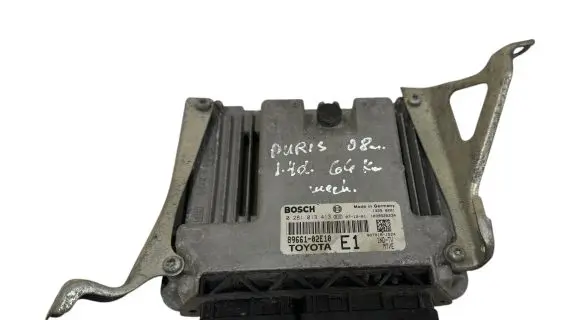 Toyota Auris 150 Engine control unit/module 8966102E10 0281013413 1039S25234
--
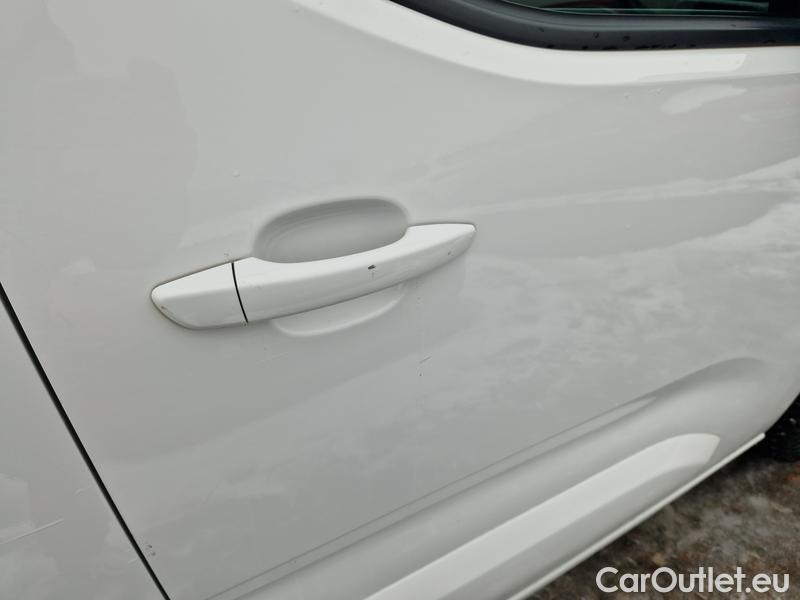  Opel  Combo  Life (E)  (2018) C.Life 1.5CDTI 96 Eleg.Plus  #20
--
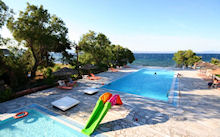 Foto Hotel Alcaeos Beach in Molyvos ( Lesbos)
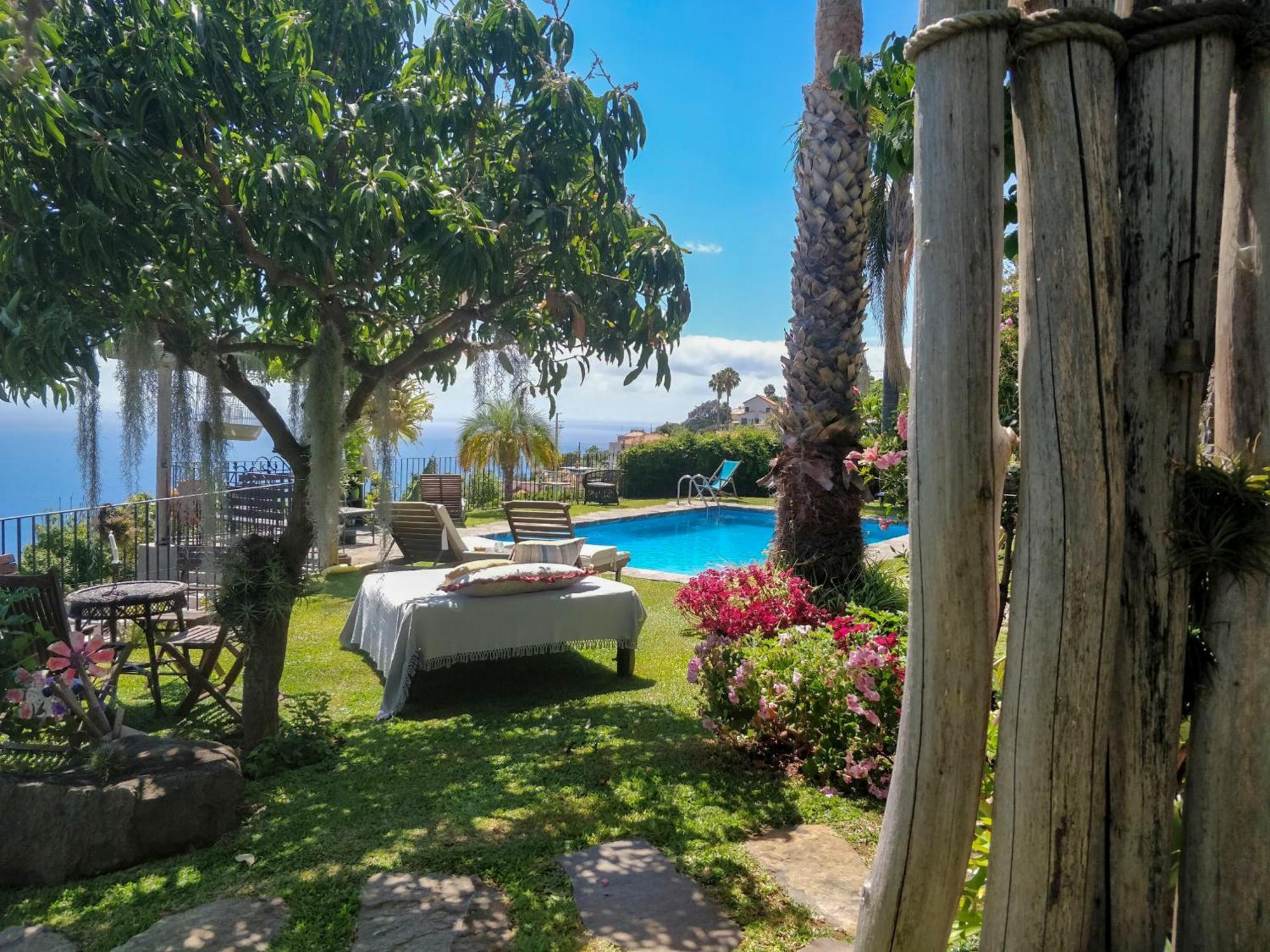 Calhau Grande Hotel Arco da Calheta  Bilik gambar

▶ **INSTRUCTIONS TO FOLLOW**
Please copy out from the data above, without any picture, exactly the lines running from the one that holds "Foto Hotel Alcaeos" through the one that holds "Calhau Grande Hotel", and nothing beyond them.

▶ **YOUR RESPONSE**
 Foto Hotel Alcaeos Beach in Molyvos ( Lesbos)
 Calhau Grande Hotel Arco da Calheta  Bilik gambar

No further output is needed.